The Mt. Ninderry resident has trained for the treacherous sea conditions in his backyard pool, with a device specially built in that pumps out a strong current to allow him to swim for lengthy periods in the one spot and simulate the currents he will likely encounter. He has also swum through the winter months in the outdoor pool in similar temperatures to what he is anticipating in the English Channel – 14-18C.
Well aware of the weather conditions and currents he may encounter, including high winds and the waves that average from 6ft in height, Shapland is sensibly cautious. Just last month, endurance athlete Nick Thomas died whilst attempting the swim at the age of 44, and within sight of the French shorelines. Those swimming the English channel are susceptible to hypothermia, fatigue and the chance of diesel fumes disrupting airways as they swim alongside a boat.

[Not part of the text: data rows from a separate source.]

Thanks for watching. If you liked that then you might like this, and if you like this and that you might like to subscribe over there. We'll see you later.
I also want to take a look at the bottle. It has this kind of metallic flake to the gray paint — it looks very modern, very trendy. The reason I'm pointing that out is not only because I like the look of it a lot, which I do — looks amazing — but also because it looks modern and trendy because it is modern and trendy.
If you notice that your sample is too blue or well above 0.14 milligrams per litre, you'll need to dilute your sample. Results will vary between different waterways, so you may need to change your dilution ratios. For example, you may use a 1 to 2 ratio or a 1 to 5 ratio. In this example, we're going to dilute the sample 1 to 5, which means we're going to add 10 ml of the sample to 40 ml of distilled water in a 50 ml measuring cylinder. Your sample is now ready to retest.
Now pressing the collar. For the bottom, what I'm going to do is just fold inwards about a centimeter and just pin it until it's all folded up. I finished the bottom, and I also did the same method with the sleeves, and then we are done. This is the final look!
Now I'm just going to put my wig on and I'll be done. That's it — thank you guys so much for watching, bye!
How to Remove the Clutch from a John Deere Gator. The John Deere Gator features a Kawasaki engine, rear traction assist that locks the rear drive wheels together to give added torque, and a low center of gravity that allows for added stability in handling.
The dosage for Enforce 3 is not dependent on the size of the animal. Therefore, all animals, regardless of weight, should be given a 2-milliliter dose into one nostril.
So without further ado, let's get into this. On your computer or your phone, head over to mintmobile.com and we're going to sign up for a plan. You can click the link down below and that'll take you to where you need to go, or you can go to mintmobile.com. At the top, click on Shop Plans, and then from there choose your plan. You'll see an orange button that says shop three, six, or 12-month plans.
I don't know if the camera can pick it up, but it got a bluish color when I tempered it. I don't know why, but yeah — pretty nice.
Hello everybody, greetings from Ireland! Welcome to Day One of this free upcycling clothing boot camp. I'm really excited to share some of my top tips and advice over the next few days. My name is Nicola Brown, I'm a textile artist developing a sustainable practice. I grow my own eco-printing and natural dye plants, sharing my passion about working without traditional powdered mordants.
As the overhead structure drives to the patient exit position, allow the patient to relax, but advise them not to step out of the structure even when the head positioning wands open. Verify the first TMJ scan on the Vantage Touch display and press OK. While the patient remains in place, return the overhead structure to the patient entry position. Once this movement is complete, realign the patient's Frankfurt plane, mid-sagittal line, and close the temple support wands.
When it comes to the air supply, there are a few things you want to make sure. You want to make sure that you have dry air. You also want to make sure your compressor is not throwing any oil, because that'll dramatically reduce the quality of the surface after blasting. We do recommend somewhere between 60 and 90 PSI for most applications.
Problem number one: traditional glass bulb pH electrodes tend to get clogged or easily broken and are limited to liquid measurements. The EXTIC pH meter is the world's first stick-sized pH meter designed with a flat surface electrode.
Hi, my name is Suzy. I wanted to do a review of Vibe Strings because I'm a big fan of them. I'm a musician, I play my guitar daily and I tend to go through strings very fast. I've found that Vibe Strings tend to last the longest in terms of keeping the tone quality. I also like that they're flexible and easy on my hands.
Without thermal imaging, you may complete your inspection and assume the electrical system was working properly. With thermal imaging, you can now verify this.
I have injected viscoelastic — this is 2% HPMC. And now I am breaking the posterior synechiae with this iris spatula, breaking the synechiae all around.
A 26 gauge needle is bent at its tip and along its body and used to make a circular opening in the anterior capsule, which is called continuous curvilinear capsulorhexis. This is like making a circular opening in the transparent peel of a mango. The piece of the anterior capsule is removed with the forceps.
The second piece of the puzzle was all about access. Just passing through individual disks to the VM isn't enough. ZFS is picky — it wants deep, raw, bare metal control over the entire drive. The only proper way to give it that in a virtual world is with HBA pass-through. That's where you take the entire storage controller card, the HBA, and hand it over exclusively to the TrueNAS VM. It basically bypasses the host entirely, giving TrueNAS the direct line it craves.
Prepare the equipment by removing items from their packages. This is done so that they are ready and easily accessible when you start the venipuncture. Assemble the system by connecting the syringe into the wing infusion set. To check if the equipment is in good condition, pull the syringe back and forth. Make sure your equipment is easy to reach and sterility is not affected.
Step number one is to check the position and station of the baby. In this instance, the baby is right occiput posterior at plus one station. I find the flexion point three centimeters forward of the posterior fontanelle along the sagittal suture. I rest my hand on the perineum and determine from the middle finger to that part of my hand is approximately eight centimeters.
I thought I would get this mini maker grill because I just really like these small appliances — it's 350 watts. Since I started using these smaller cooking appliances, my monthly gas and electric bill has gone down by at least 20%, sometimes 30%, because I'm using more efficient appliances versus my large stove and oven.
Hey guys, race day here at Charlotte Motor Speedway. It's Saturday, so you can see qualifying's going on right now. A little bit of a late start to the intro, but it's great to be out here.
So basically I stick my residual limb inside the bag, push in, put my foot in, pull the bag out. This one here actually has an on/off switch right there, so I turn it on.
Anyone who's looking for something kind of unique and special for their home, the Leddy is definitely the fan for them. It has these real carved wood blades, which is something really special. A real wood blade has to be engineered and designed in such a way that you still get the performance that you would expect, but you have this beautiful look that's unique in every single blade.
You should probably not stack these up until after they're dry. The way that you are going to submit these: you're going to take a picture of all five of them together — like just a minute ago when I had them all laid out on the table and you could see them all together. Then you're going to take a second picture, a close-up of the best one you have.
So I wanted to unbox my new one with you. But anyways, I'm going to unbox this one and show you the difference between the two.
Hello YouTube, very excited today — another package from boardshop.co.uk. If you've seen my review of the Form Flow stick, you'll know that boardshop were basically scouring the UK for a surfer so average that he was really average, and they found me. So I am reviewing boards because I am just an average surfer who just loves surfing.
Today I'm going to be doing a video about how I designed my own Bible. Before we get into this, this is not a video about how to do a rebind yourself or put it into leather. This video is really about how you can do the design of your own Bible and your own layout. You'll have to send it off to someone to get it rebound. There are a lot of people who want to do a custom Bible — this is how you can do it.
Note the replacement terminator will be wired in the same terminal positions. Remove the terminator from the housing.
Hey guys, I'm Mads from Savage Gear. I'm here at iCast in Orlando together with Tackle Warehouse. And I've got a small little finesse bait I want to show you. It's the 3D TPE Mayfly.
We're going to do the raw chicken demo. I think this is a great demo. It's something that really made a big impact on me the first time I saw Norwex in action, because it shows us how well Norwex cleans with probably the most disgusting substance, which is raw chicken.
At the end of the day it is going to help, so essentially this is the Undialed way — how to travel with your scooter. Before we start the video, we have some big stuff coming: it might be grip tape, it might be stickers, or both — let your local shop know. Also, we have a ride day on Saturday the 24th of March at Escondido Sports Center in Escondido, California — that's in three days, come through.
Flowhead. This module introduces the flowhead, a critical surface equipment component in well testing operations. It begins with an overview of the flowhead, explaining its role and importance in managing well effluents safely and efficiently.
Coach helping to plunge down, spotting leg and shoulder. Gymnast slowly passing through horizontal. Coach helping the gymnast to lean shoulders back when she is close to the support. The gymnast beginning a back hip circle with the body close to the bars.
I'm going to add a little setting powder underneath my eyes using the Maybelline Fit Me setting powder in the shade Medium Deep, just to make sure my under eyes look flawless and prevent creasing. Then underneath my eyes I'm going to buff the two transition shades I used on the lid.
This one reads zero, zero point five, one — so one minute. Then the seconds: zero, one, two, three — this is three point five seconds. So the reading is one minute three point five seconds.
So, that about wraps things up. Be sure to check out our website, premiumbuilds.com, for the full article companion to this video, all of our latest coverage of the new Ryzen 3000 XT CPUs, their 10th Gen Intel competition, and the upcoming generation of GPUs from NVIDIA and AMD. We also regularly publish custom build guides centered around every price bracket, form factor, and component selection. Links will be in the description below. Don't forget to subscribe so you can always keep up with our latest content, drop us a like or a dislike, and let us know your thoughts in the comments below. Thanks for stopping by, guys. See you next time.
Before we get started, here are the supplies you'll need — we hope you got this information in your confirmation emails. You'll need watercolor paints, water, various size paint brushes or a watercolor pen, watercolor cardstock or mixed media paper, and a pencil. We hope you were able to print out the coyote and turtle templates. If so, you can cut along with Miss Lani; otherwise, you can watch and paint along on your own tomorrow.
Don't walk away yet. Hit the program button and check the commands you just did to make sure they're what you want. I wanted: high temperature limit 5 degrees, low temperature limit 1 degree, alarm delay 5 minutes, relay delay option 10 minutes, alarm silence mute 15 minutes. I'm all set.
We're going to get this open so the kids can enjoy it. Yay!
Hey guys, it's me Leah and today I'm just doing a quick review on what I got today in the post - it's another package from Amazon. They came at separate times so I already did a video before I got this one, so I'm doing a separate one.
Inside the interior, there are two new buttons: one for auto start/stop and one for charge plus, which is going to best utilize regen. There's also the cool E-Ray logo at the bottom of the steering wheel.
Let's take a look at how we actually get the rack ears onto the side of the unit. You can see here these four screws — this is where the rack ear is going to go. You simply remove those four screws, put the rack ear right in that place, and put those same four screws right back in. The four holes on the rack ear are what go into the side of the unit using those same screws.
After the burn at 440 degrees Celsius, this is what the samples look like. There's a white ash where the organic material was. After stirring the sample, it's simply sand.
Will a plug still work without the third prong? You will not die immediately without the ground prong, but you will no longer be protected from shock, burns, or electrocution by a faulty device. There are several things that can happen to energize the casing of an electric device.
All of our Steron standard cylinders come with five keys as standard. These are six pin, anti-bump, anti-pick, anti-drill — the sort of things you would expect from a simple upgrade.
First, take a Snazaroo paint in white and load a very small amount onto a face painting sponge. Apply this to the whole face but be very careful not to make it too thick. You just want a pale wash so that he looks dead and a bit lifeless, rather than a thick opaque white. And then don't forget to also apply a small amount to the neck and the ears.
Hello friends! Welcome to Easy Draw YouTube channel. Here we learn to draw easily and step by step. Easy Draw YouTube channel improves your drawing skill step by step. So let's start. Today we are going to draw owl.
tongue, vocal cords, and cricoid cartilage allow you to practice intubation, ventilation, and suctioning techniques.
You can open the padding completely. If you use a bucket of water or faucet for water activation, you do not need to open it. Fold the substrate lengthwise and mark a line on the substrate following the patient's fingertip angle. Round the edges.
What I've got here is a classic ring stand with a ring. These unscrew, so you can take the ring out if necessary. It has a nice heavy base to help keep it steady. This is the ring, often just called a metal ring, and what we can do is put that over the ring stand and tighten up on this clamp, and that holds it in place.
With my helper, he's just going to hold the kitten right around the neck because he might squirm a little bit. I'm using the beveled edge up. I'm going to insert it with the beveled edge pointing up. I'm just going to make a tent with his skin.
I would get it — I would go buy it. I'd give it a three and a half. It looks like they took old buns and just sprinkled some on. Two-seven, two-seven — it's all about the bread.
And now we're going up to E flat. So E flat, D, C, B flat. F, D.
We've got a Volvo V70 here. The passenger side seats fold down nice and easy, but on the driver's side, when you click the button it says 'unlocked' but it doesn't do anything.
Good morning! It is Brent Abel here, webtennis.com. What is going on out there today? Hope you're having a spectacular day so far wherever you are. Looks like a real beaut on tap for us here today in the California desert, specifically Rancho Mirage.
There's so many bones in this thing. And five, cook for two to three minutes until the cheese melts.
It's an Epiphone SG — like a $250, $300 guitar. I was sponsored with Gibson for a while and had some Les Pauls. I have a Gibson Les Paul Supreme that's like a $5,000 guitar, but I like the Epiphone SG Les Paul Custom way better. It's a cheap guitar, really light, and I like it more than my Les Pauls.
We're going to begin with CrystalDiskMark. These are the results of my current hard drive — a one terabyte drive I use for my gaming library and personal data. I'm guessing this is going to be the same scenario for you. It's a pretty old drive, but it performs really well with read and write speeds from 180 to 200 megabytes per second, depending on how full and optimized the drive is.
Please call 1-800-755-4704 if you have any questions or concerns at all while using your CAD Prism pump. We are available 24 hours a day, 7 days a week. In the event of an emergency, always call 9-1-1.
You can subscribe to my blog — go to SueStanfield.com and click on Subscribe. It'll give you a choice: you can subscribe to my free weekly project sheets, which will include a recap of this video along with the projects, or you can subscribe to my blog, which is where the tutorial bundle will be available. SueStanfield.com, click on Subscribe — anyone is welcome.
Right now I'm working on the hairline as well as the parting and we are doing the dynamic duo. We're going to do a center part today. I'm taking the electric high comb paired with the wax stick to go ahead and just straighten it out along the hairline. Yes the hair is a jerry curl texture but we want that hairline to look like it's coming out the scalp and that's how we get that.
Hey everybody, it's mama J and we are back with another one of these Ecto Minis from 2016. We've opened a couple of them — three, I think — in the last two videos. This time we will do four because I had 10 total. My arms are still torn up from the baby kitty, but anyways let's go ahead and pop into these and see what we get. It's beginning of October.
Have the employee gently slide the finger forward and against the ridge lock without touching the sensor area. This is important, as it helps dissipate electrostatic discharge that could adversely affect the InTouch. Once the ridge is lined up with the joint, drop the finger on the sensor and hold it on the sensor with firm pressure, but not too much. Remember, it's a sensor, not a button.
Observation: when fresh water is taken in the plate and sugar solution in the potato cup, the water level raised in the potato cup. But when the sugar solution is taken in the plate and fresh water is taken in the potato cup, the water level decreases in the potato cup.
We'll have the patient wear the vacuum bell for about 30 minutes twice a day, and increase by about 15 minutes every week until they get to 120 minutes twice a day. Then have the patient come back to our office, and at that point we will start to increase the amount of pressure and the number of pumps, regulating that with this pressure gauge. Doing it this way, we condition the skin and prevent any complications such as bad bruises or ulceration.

Remaining focussed but relaxed, he says will be key to a successful swim.
“It’s more of a mental than physical battle – it’s not such a physical feat if you know how to swim properly,” he says.
Shapland is anticipating a 12-16 hour swim, and will be advised by his pilot as to the departure day and time subject to weather conditions, and once starting will be racing against time to beat a tide change that could sweep him off course.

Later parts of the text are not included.